RedCore CEO and founder Marina Ilina is making the case that regulatory technology is not a burden on the iGaming industry but rather a shared opportunity for all parties involved.
Ilina argues that the iGaming sector has always presented operators with two distinct paths: a transparent licensed model or an unregulated grey market with no legal protections.
She contends that the sheer scale of grey markets globally is largely a consequence of governments not knowing how to build functioning regulatory systems in their own jurisdictions.
RedCore grew out of an iGaming holding company, giving the business a rare dual perspective on the challenges faced by both operators and the regulators tasked with overseeing them.
Ilina explains that this background helps RedCore identify which tools genuinely regulate a market and which simply create compliance burdens for operators without delivering real value to governments.
The financial cost of under-regulation is striking, with data from the European Casino Association showing EU governments missed out on €20bn in tax revenue in 2024, while the entire regulated market generated just €8.4bn.
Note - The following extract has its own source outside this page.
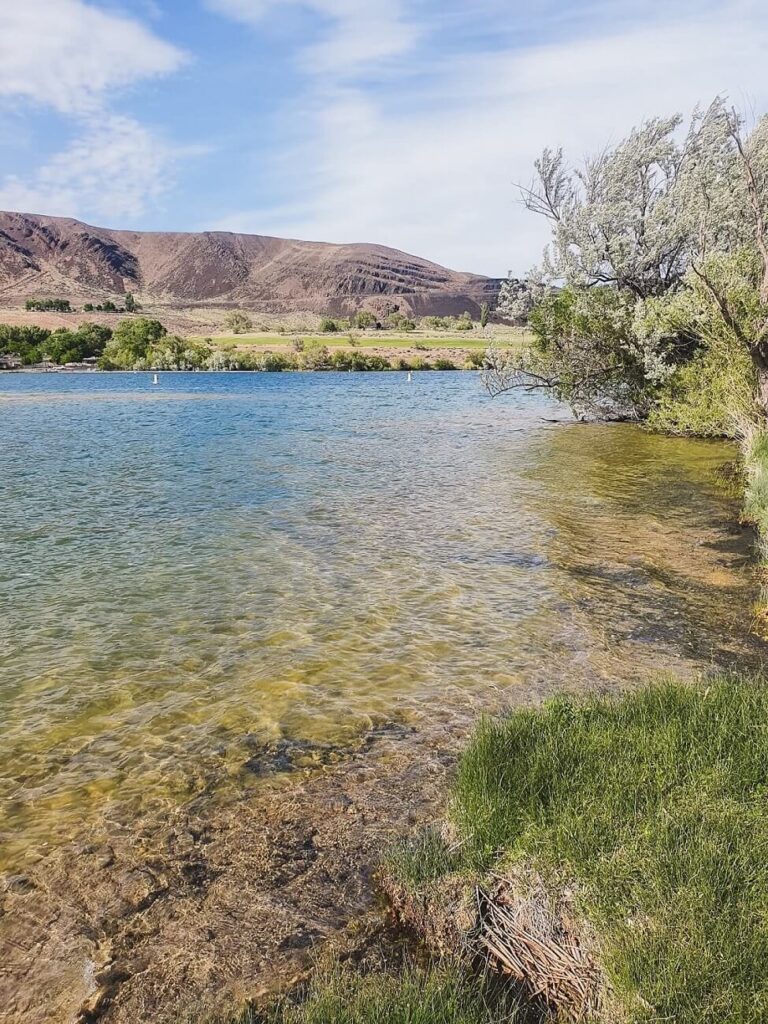 A shimmering blue lake at Sun Lakes Dry Falls State Park in eastern Washington.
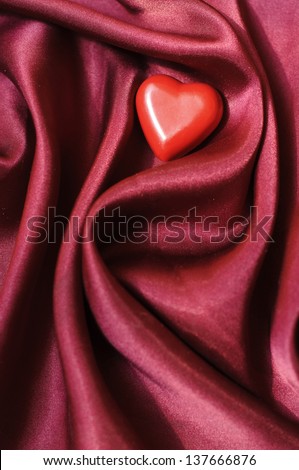 Small heart on a satin sheet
According to that same data, 71% of the EU’s online gambling market is controlled by unlicensed operators, a figure that rises to 82% in Eastern Europe alone.
Ilina is direct about what this means in practice: “For every €1 earned by a licensed operator, an unlicensed operator generates €2.40.”
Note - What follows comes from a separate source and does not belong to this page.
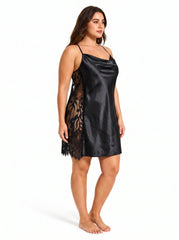 Plus size model wearing a black satin slip dress with lace side panels from a three-quarter side view.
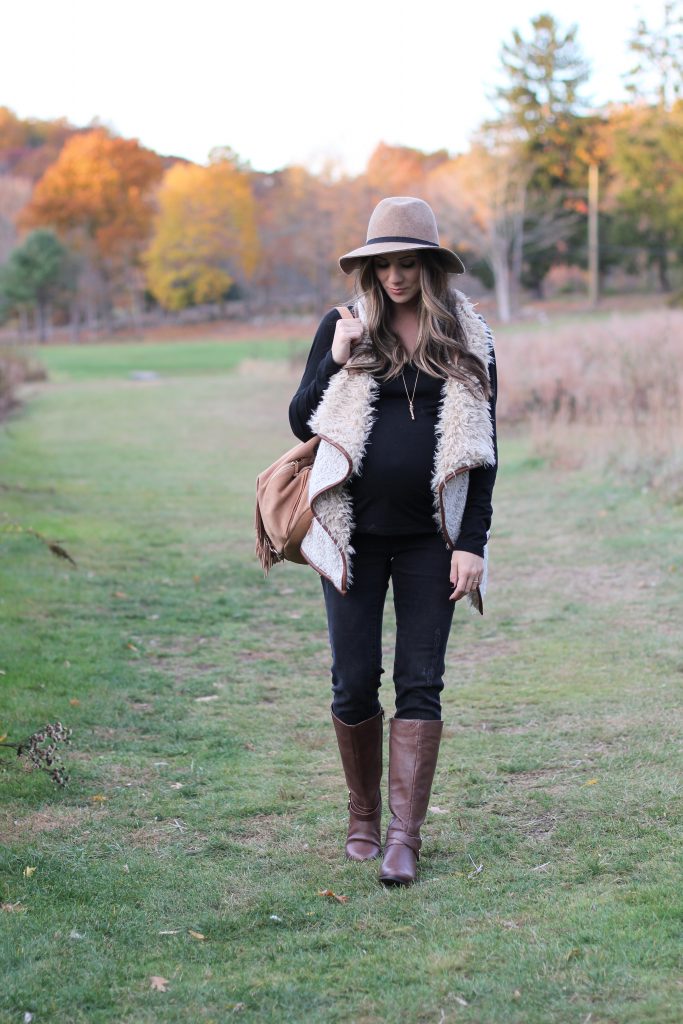 Fall maternity fashion in this fur and leather vest with a wool hat and riding boots.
She warns that governments risk damaging their own reputations among operators when they treat the iGaming industry as a political scapegoat rather than a legitimate economic sector worth regulating properly.
“It is very easy to blame a gambling operator, especially one that is public and fully licensed, for almost any social problem,” Ilina said, adding that such approaches ultimately push operators away and drive capital out of a country.
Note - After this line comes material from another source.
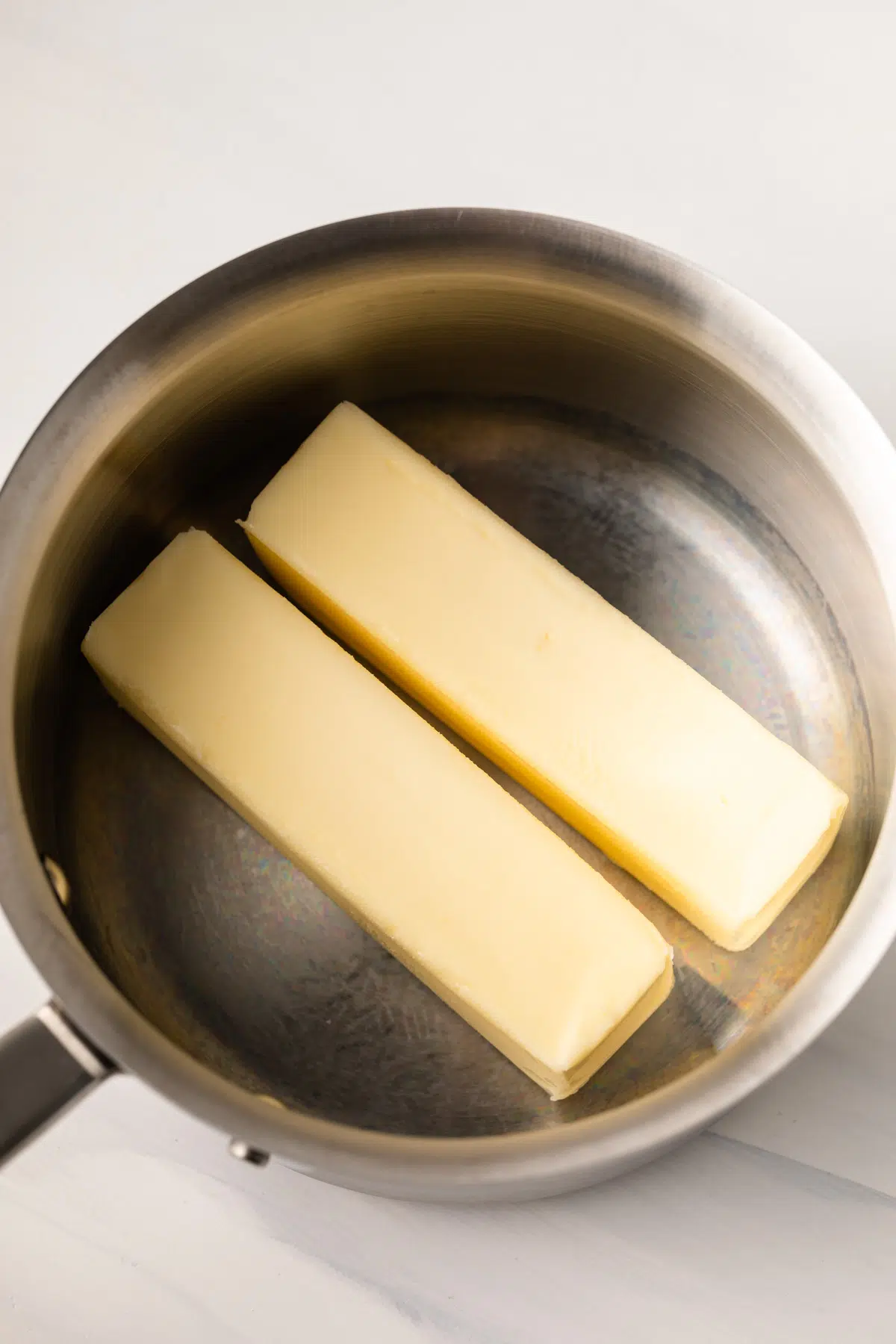 Butter in a saucepan.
On the question of bureaucratic resistance, Ilina notes that the hardest challenge when approaching regulators is simply knowing where to start, since software alone cannot launch a regulated market without a proper legislative foundation.
She also highlights lobbying from existing market participants as a significant obstacle, since established operators have little incentive to welcome increased competition through better-regulated markets.
Looking ahead, Ilina is clear that banning gambling outright is not a viable solution, stating: “It will simply become underground, it will be invisible, but it will continue to grow.”
Her long-term ambition for RedCore is to build a three-way system where governments understand the industry, operators have clear rules to operate within, and users have guaranteed protections and responsible gaming enforcement.
“If we, as a technology-driven intermediary, can create a system that enables this kind of cooperation between all three parties, then we will have achieved our goal,” Ilina concluded.